BEGIN RECORDS SHOWN

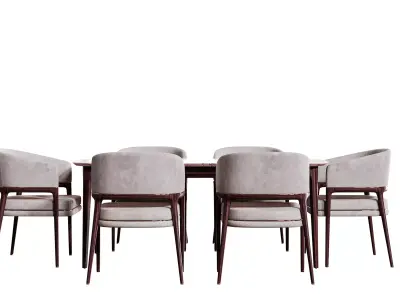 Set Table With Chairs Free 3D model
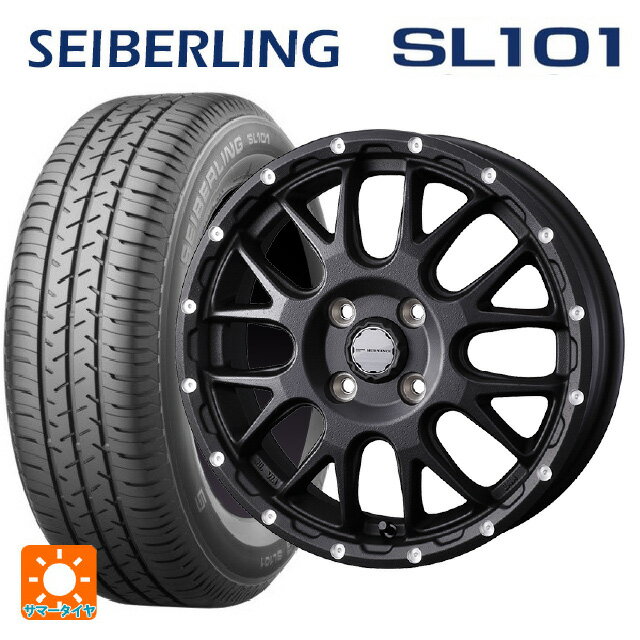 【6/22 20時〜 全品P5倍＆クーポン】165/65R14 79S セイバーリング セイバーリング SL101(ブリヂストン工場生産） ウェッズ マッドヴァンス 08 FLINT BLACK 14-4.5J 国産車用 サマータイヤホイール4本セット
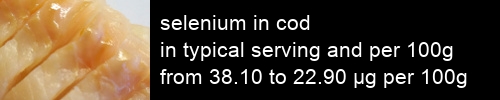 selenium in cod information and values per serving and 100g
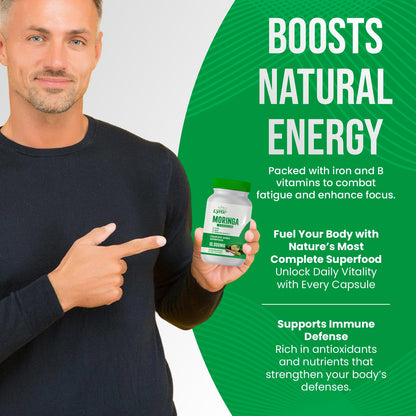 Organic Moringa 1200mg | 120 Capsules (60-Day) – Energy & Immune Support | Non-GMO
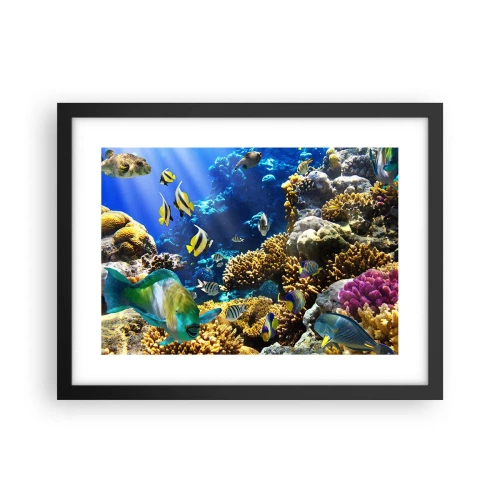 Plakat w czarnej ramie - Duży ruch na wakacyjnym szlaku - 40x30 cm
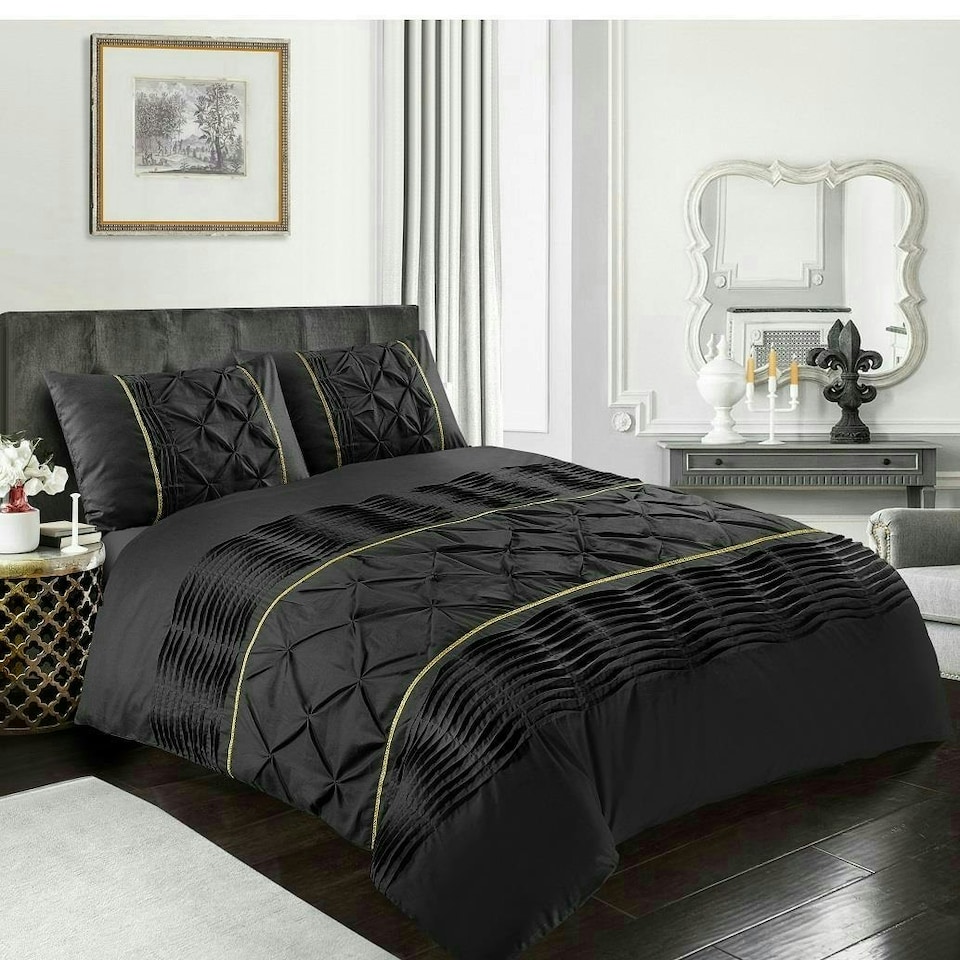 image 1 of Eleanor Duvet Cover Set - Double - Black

END RECORDS SHOWN

Give back all of the data exactly, but not the pictures.

> RESULT OF THIS TASK
 Set Table With Chairs Free 3D model
 【6/22 20時〜 全品P5倍＆クーポン】165/65R14 79S セイバーリング セイバーリング SL101(ブリヂストン工場生産） ウェッズ マッドヴァンス 08 FLINT BLACK 14-4.5J 国産車用 サマータイヤホイール4本セット
 selenium in cod information and values per serving and 100g
 Organic Moringa 1200mg | 120 Capsules (60-Day) – Energy & Immune Support | Non-GMO
 Plakat w czarnej ramie - Duży ruch na wakacyjnym szlaku - 40x30 cm
 image 1 of Eleanor Duvet Cover Set - Double - Black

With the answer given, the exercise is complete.